Worryingly, really, is that Swapo leaders have adopted a suicide bomber attitude, or the geriatric Mugabe philosophy, of making sure if they can’t have something then they are prepared to set the entire country alight.

What else can we read into the statement by Prime Minister Hage Geingob that there are forces using the “struggle kids” to make the country ungovernable? Those sinister forces can only be within Swapo as the party has been the only one dealing with them. Another example are the attacks and proxy wars among the Swapo leadership, with several ‘notables’ resorting to drinking from the tap of tribal divisions. Some, such as a Swapo Party youth league spokesperson, has referred to minorities and majorities.

In another case, Hardap governor Katrina Hanse-Himarwa is reported to have shouted “down 0000” (an apparent reference to the so-called ‘Four O’, or former Owamboland, regions) and “down agenda 2017”. Agenda 2017 allegedly refers to a faction purportedly working to upend the rule of future president Hage Geingob.

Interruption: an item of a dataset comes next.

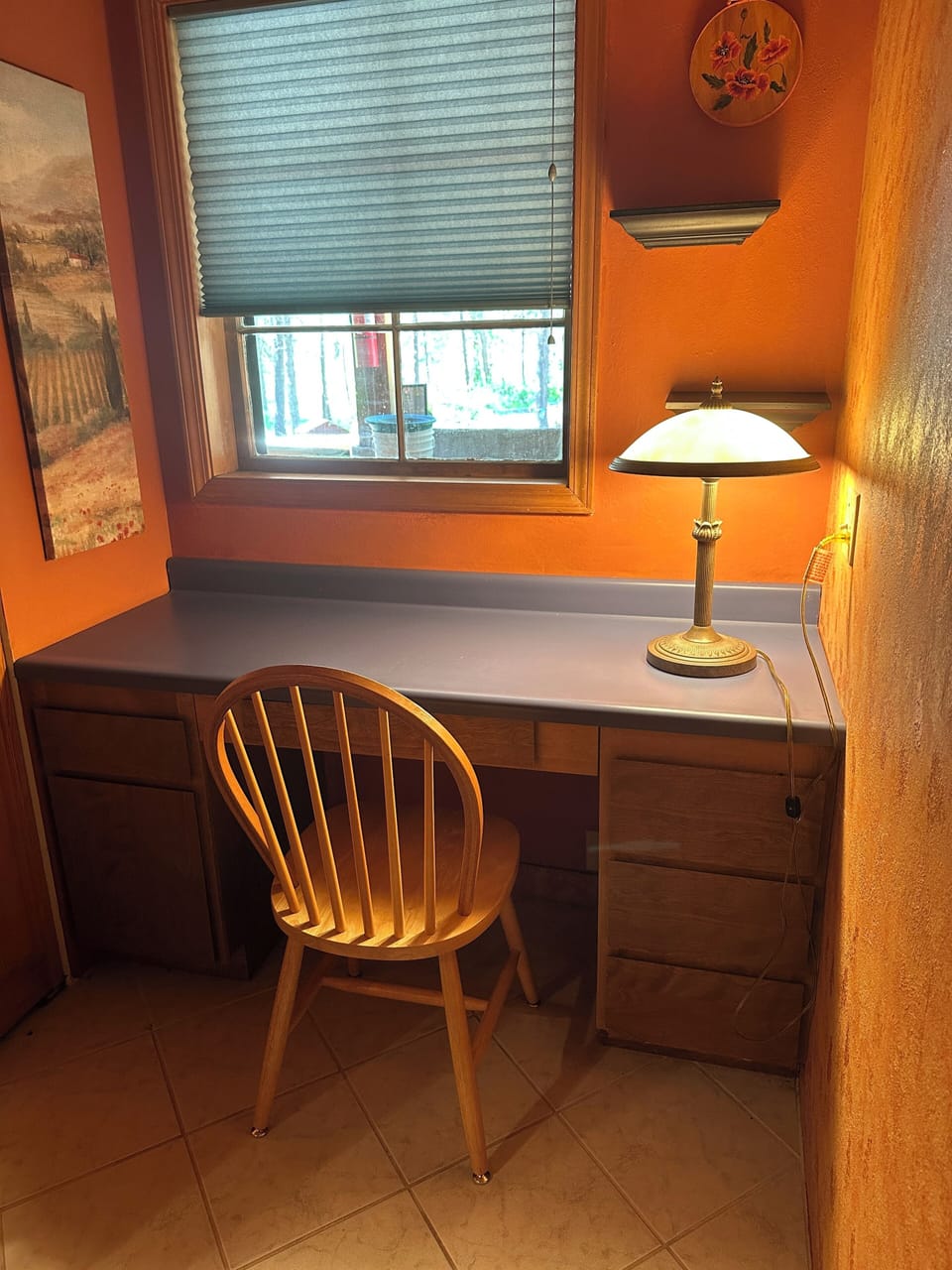Desk in lower level twin bedroom next to Den and laundry exit to picnic table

Geingob himself has complained about tribalism being directed at him through the use of derogatory names referring to his ethnic origin. In turn, he has claimed that some people have criticised him for the latest constitutional amendment simply because he is a Damara.

The ruling party must deal with its demons without destabilising the country just because of selfish interest now and in the long term.